When her book “Ten Thousand Saints” was named one of the 10 Best Books of 2011 by The New York Times, Ithaca College writing professor Eleanor Henderson said it was the pinnacle of her literary career.
Now, President Tom Rochon has given her further recognition by selecting her debut novel as the college’s First-Year Reading Initiative for the upcoming academic year.
Henderson said she was humbled and surprised her book was chosen for this year’s FYRI. The book was chosen by Rochon after a committee narrowed the search down to a few final texts.
“I feel incredibly gratified and grateful that the college has chosen my book — and really surprised,” Henderson said. “I was on the committee last year to choose the first-year reading selection, and I was impressed by all the work the committee does to choose one book out of really many wonderful books that are nominated by the faculty every year.”
Released in June, Henderson’s book was also named among the Top 10 Debut Fiction books by Amazon, a Rewind 2011 book by iTunes and one among Top Five Fiction books by O, The Oprah Magazine.
Set in the 1980s, “Ten Thousand Saints” examines drug-dealing parents and straight-edge teenagers’ search for an identity after the their lives are one day turned upside down.
Speaking on the ’80s setting and straight-edge culture discussed in her novel, Henderson said the relatively unfamiliar nature of the book’s theme may appeal to younger people.
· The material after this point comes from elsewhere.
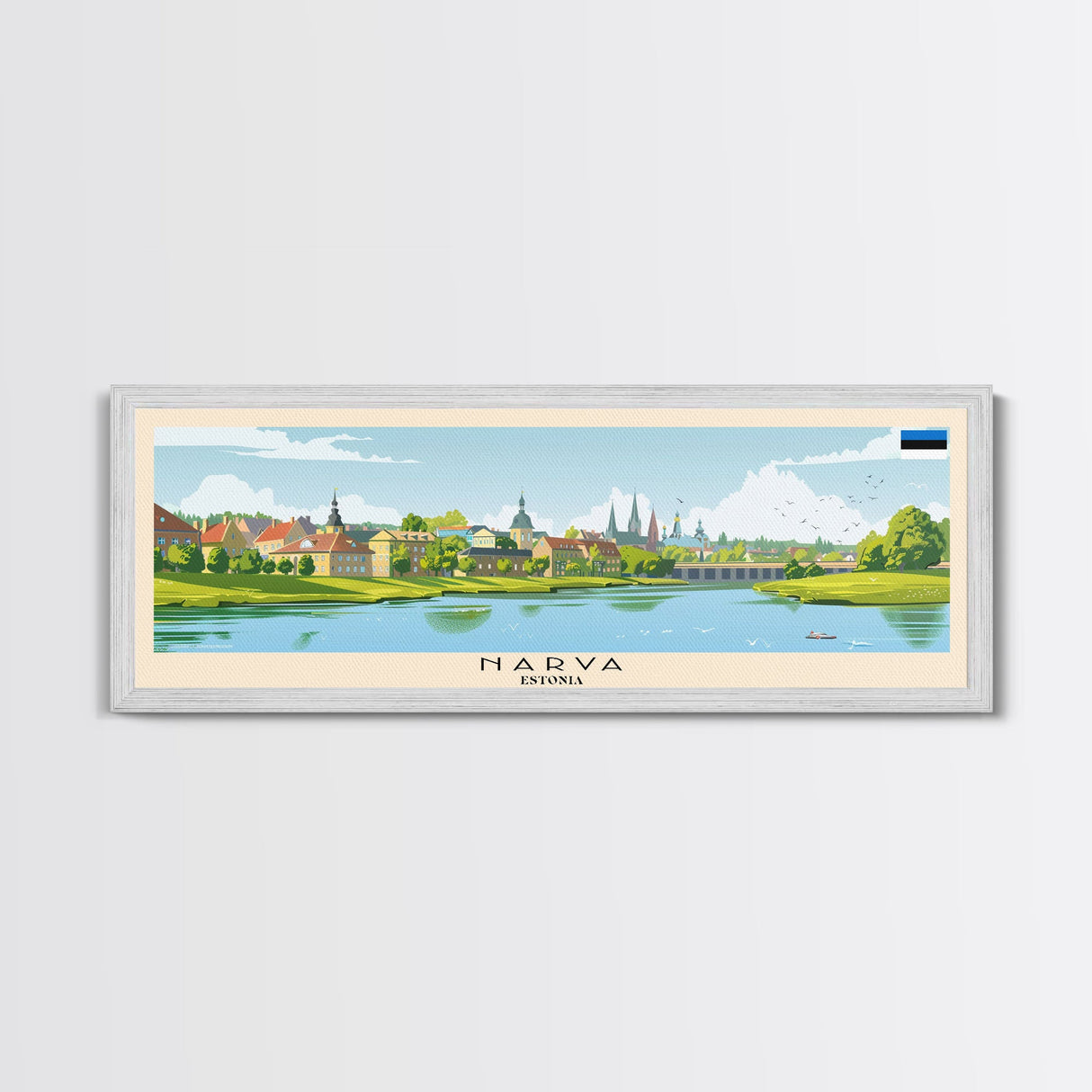 Narva Estonia Panoramic Travel Poster, Framed Canvas Print or Metal Wall Art, Travel Art, Home Decor, Panoramic Painting, Midcentury Art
“I think, and I hope, that a young person encountering the book would be interested in a relatively unknown subject matter and being introduced to the straight-edge movement,” she said. “I hope that the book would sort of speak to the universality of the coming-of-age experience.”
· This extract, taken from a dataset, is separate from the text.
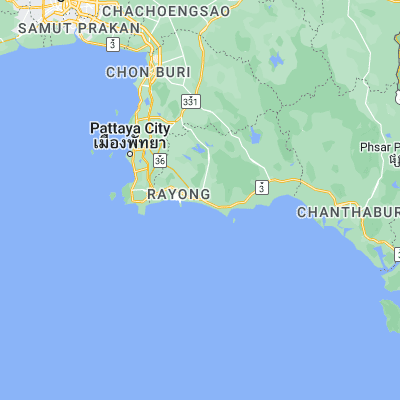 Map showing location of Rayong (12.680950, 101.257980)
Rochon said the initiative is aimed at getting through to students during their transition from high school to college.
“The purpose of the freshman reading program is to give students an opportunity to read something that will speak to the particular moment in their lives when they are in one of those major transitions between high school and college,” Rochon said.
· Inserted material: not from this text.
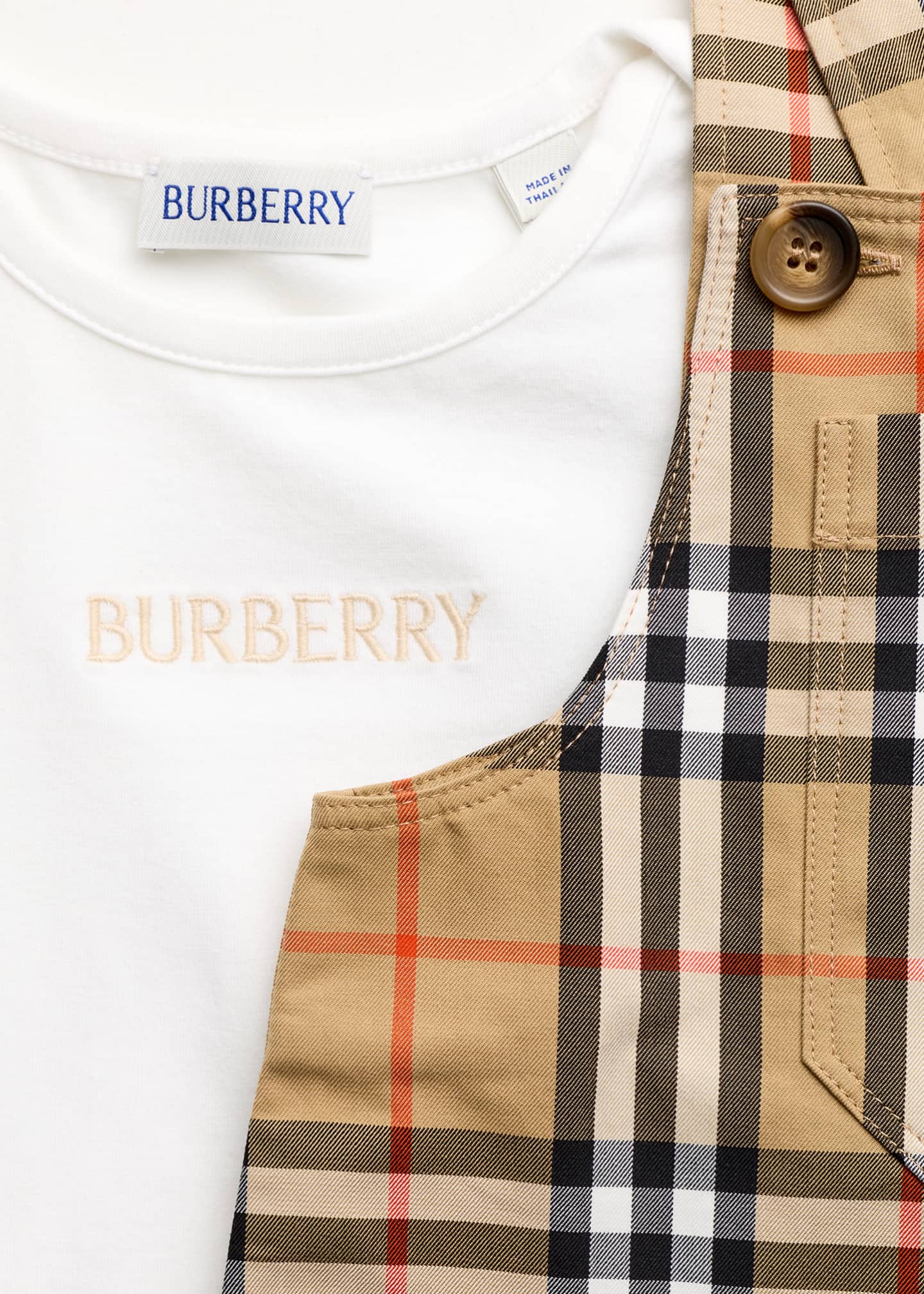 Burberry Boy's Check Cotton Three-Piece Gift Set, Size 1M-18M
In the past, the list of FYRI books has included “Walden” by Henry David Thoreau and “Dreams From My Father” by President Barack Obama.
Sophomore Gregory Tilden, Henderson’s former student, believes exposing students to a piece that is more relevant to younger generations serves them better than exposing them to more traditional alternatives.
“I have high hopes for the book, especially finding out that it’s about punk culture in the ’80s, which is something I am interested in,” he said. “I expect it to be really interesting. I have heard good things about it.”
Rochon said the book’s characters appealed to him and their story serves exactly what the reading initiative’s purpose is.
“Different people will see different merits in the book,” he said. “But for me, I was especially struck by the major characters in the book who are themselves young adults and they are making these kinds of life choices.”
The fact that the book was written by a professor at the college is a significant bonus, Rochon said.
“We realized we had a wonderful opportunity to choose a book that was
appropriate for this purpose,” he said. “And whose author would actually be working with some of the students who are reading it this summer.”